2012 could be more difficult than 2011

I have just come off the phone to an acquaintance of mine who lives in Beijing. He is Chinese, and older than me, old enough to have worked for Deng Xiaoping, China’s reforming Leader, during the 1980s.

My acquaintance’s career has taken him around the world as a diplomat and an academic and a banker. He is a clever man, and a thoughtful one. I asked him whether or not he expected the Eurozone to disintegrate, and we got talking about the global picture. Our conversation imagined a depressing trajectory, towards fresh political and economic crisis next year, and even the possibility of a conflict breaking out, probably in the Middle East. Here are the key components of a deterioration in global affairs in the next 12 months:

The economic outlook may get worse before it gets better. The Eurozone crisis may begin to resolve but it will leave euro countries, and possibly the UK, in recession. The US is flat, Japan is flat, growth in India and China is slowing. The worst case scenario is a downward spiral, as confidence and credit fall out of the global system.

Meanwhile, next year will see the world’s political leaders unusually distracted. If and when they put the fire out, Merkel, Sarkozy and Monti will have to embark on a complex and politically painful programme of re-building. During 2012 France will go to the polls and Sarkozy may go, though my hunch is that he will beat Hollande, who does not look like a man for a crisis. The Brits look likely to remain in a reactive mode and will stand on the sidelines. America’s political paralysis will lock into a new level of inertia as the race for the White House gets under way. With America feeling battered and under threat, the political mood could sour. Both candidates may choose to become more nationalistic, and protectionist, than they want to be. The rest of the world will watch with baited-breath. There will also be a leadership transition in Beijing. This will look orderly in comparison with America’s billion dollar election campaign, and the result (xi Jinping) is a known quantity, but it will usher in new management in the world’s biggest manufacturing economy at a very difficult time. Meanwhile Japan is weak, Ban Ki-Moon is weak, the UN is weak …
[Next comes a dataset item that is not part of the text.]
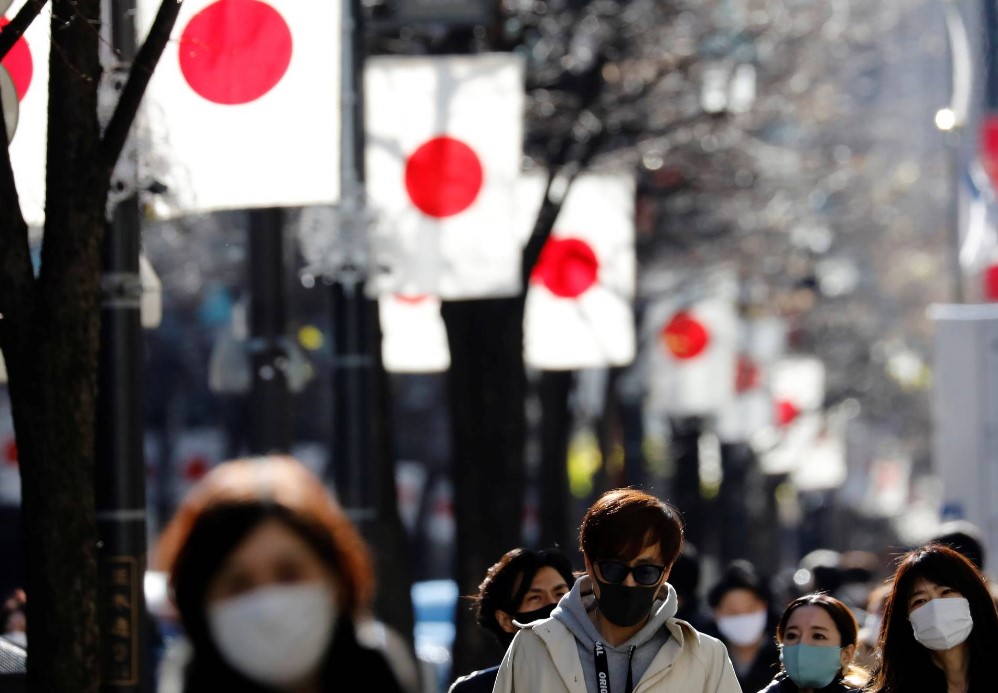 日本疫情持续严重，死亡人口激增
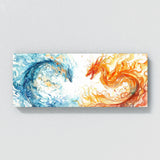 Ramayana Magical Battle Swirls 4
Which brings us to Iran, a key oil exporter and opponent of US hegemony which currently feels dangerously isolated. The Middle East has since January this year been destabilised by revolutions led by disenfranchised young people (Iran has millions). Iran’s principal ally, Bashar al-Assad of Syria, will hopefully fall next year. Hugo Chavez, Iran’s other cheerleader, is dying. Meanwhile, Tehran’s nuclear programme is getting closer to completion. What’s riskier: to take action against Iran in order to try and stop her acquiring a nuclear weapon, or living with a nuclear Iran? Probably the latter, but its not cut and dry and the more time that goes by, the higher the stakes. Israel, which Iranian President Mahmoud Ahmadinejad wants to “vanish from the pages of time”, is currently feeling unusually isolated from the US and other traditional allies. Benjamin Netanyahu, a former soldier, may decide that Israel cannot afford to stand idly by for much longer. Bold military action has worked for Israel before, and in 2010 Tel Aviv used a cyber attack to stall Iran’s centrifuges. A military attack on Iran would shut the Straits of Homuz; it would takes days to clog up world trade and deny Asia the energy it needs to keep its factories running. China and India would be quickly drawn in. So would the US and Russia, probably on opposing sides. What happens next doesn’t really bear thinking about but its vital that policy makers are thinking precisely about these scenarios as they engage with Iran. Things are feeling pretty taut right now but they could get worse.